In primary care patients well known by their GPs, the two-question screening method for major depression displayed high sensitivity (91%) and low specificity (65%). As suspected, adding the 'help' question led to a decreased sensitivity (59%) but a higher specificity (88%). We also observed a lower specificity for the two-question and three-question methods in subpopulations with other psychiatric conditions (such as generalised anxiety) and in patients who had exhibited major depression 1 year previously.
The strengths of our study are its large sample size, the number and diversity of the participating GPs, and the use of standardised, validated measures for mental disorders. Furthermore, the random selection of patients and their recruitment from a large number of GPs in various settings decreased the risk of selection bias. We therefore believe that our observations are relevant for most patients with physical complaints in primary care in developed countries. However, our study is limited because the two screening questions for major depression were similar to those of the PHQ-9, our reference standard. Therefore, the sensitivity of the screening method is expected to be very high. Finally, the PHQ-9 may not be the best reference standard for major depression for the following three reasons: (1) it is self-report, (2) it doesn't apply exclusion criteria, and (3) it doesn't apply clinical significance criteria. Thus PHQ-9 can only be interpreted as a proxy of DSM-IV [21, 22]. Therefore a standardised visit to a psychiatrist would have been preferred.
Whooley et al.  and Arroll et al.  first introduced the two-question screening method and reported high sensitivities (96% and 97%, respectively) and low specificities (57% and 67%, respectively). Löwe et al.  evaluated the two screening questions in outpatients and obtained similar results with a dichotomous answer (yes/no). Furthermore, the two-question method was able to detect changes in a patient's state of depression. Here we report observations similar to those of Arroll et al.  regarding screening for major depression with two questions. The high sensitivity of these questions allows GPs to securely rule out negative patients, but the relatively low specificity requires further investigations to confidently diagnose major depression in positive cases .
Introduction of the third 'help' question was a very interesting and logical proposition, and should have facilitated the diagnosis of major depression. When we added the 'help' question to the screening method, however, our observations were substantially different from those of Arroll et al.,  who reported increased specificity (89%) but identical sensitivity (96%). As an important number of their patients with major depression responded 'no' to the 'help' question, it is not clear why the sensitivity remained identical. In a second study, Goodyear et al.  validated the two-question and three-question methods using the PHQ-9 as a reference standard for major depression. Although the two-question method was associated with a sensitivity of 98% and a specificity of 73%, and the specificity of the three-question method questions was reported to be 99%, the sensitivity of the three-question method was not provided. A recent publication by the same authors determines a sensitivity of 99.2% and a specificity of 70.4% for the two-question method, whereas the sensitivity decreased to 87.1% and the specificity increased to 94.8% for the three-question method .
An independent study by Baker-Glenn et al.  observed a sensitivity of 23.7% and specificity 97.8% in patients attending chemotherapy with the three-question method. We therefore believe Arrol et al.'s  results to be misleading. These findings support the latest NICE  guidelines that recommend only the use of the two screening questions.

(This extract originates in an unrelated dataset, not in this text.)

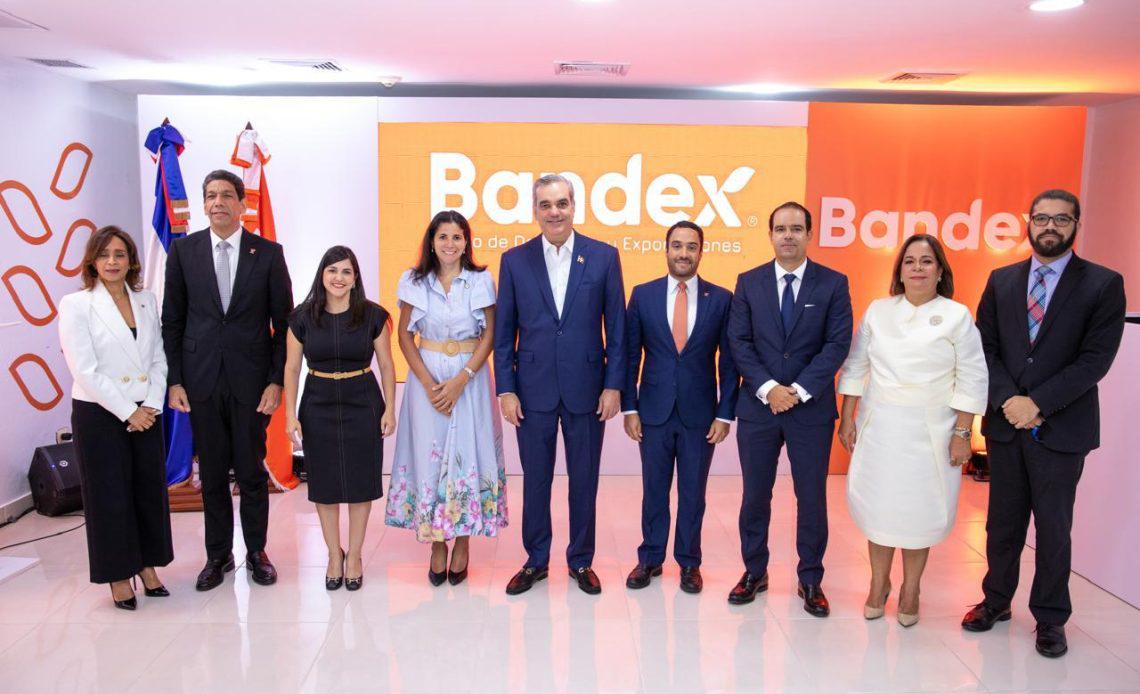 Abinader-con-miembros-del-BANDEX-1140x694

Our analysis indicates that although the three-question method has high negative predictive value, the high false negative rate implies that as many as four patients out of ten (28/69) with major depression would not be correctly diagnosed with this method. In comparison, less than one out of ten patients (6/69) with major depression will not be diagnosed when using the two-question method. It is therefore not helpful to include the third 'help' question to rule out major depression in patients well known by their GPs. But as Kroenke  suggests, 'screening for depression is not enough'. Patients identified with depression have to be treated. Therefore the 'help' question remains clinically relevant, even if more than half of patients with major depression did not ask for help. But within the context of the consultation, the 'help' question enables a continuing discussion about mood disorders and allows evaluation of the appropriateness of a psychiatric treatment and referral. Baker-Glenn et al. conclude, as we do, that the 'help' question may highlight patients willing to accept support . This also underlines GPs' role in investigating and answering patient expectations for their psychological distress as described by Walters showing that patients with milder symptoms usually prefer simple human contact, and informal resource rather than formal interventions or medication . While all these questions may help GPs screen for major depression in their patients, this tool should not replace clinical judgment; indeed, GPs seldom rely on questionnaires alone [31, 32].
Our observations suggest that the sensitivity of the two screening questions is consistent across various patient subpopulations guaranteeing a low number of false negatives regardless of patient characteristics. However, as the specificity differs across patients, GPs may frequently and falsely diagnose major depression in patients who present other mental disorders. Additional studies are necessary to quantify the actual benefits of screening mental disorders in primary care with the two-question and three-question screening methods.